It is against this background that the reported 43% expansion in EU poultry-meat exports to Ghana in 2010 needs to be seen – a rate of expansion almost twice the rate of growth of overall EU poultry-meat exports. This expansion in EU exports to Ghana has however been dwarfed by the growth in EU exports to Benin, which have grown by 143% since 2006 (compared to only 35.5% for Ghana and 27% overall). Most of this trade receives no EU export refund support (only certain exports of frozen birds). The trade predominantly consists of poultry parts for which there is little or no market in the EU, and will continue, ‘provided that the export price (less transport costs) [is] greater than the costs of disposal’. This is a common problem across the ACP, with only the source of imports in this trade in residual poultry parts varying.

The EU poultry export trade to Benin carries important regional implications: according to World Bank estimates, ‘90% of Benin’s poultry imports are informally re-exported to Nigeria’.

Concerns are also being expressed over the trade in poultry meat into Cameroon, where the limitations implicit in Economic Partnership Agreement (EPA) provisions on the use of certain policy tools have been highlighted as a source of concern. In 2006, the government increased duties on imports of poultry meat to facilitate the recovery of a sector that had been undermined by high volumes of imports of cheap, low-quality poultry-meat cuts. The concern now is that the current trade policy commitments included in Cameroon’s interim EPA will lead to an early phasing out of these protective measures, despite the continued vulnerability of the sector.

Local press reports in Cameroon have sought to link the trade in EU poultry parts to EU agricultural support programmes, however this is not directly the case. EU poultry producers enjoy no form of direct aid, and export refunds are mainly directed to French whole frozen bird exports to North African and Middle Eastern markets. While EU rural development programmes may provide investment support for the development of production for new markets, the main benefit of EU common agricultural policy (CAP) support programmes is indirect, through their effects on EU cereal prices and poultry feed costs. In this context, in Cameroon as elsewhere, the problem largely arises from the trade in residual poultry parts and the high-cost nature of domestic production.
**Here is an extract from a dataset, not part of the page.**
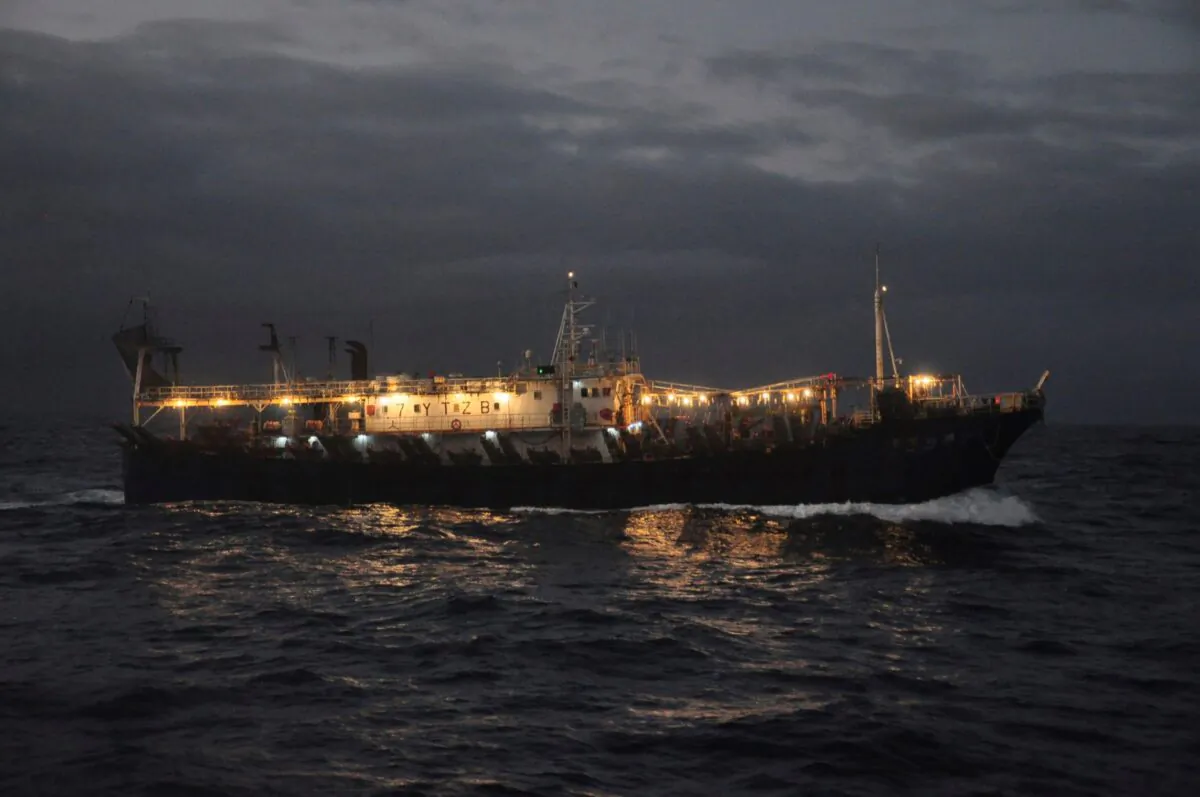 The Chinese-flagged Lu Rong Yuan Yu 609 prepares to fish for squid on the high seas near the Galapagos Islands, on July 19, 2021. (Joshua Goodman/AP Photo)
Elsewhere in Central Africa, Brazilian exports of broiler meat to Angola are on the rise. In the first 6 months of 2011, exports rose to 40,054 tonnes from 31,646 tonnes in the corresponding period of 2010. Brazilian turkey meat is also exported to Angola, Benin, Congo, Democratic Republic of Congo (DRC), Gabon and Equatorial Guinea. These markets collectively accounted for a quarter of Brazilian turkey meat exports in the first 6 months of 2010, and a third in the corresponding period of 2011.
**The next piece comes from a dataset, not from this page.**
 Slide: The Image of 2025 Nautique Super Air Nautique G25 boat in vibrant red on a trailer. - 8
2.4       Poultry sector developments in Southern Africa

In 2010, growth in the South Africa poultry sector fell to 3%, compared to an annual average of 4% between 2000 and 2008. In early 2011, South African poultry producers claimed that imports from Brazil were a third larger than in January 2010, with prices 23% lower than average local prices (see Agritrade article ‘ Changing patterns in Brazilian poultry exports cause concern in South Af...’, 2 May 2011). This was attributed at the time to the high value of the rand relative to the Brazilian Real (appreciating 4% against the Real in 2010), and lower production costs in Brazil. Indeed, USDA argued that ‘broiler meat imports into South Africa are primarily exchange rate driven’ (see Agritrade article ‘ Trends in the South African poultry sector’, 12 November 2011). With growing exchange rate volatility, this carries important implications for the use of traditional agricultural trade policy tools.

In 2011, South African poultry producers made a formal application for the imposition of anti-dumping duties on a variety of Brazilian poultry-meat products. The application prompted a fierce debate, with importers claiming that the South African poultry sector was continuing to grow with a phenomenal increase in returns on investment (+800% between 2008 and 2010), and Brazilian exporters claiming that any additional duties would only penalise consumers in the context of a heavily concentrated industry subject to anti-competitive-practice rulings.

In February 2012, in the face of rising transport and electricity costs and a 90% increase in South African white maize prices in 2011, South Africa’s International Trade Administration Commission ruled in favour of South African poultry producers and imposed additional duties of, on average, 63% on whole chickens and 47% on boneless cuts (see Agritrade article ‘ Debate intensifies over South African poultry tariff policy’, 3 March 2012). South Africa now has in place anti-dumping duties against both US and Brazilian poultry exports.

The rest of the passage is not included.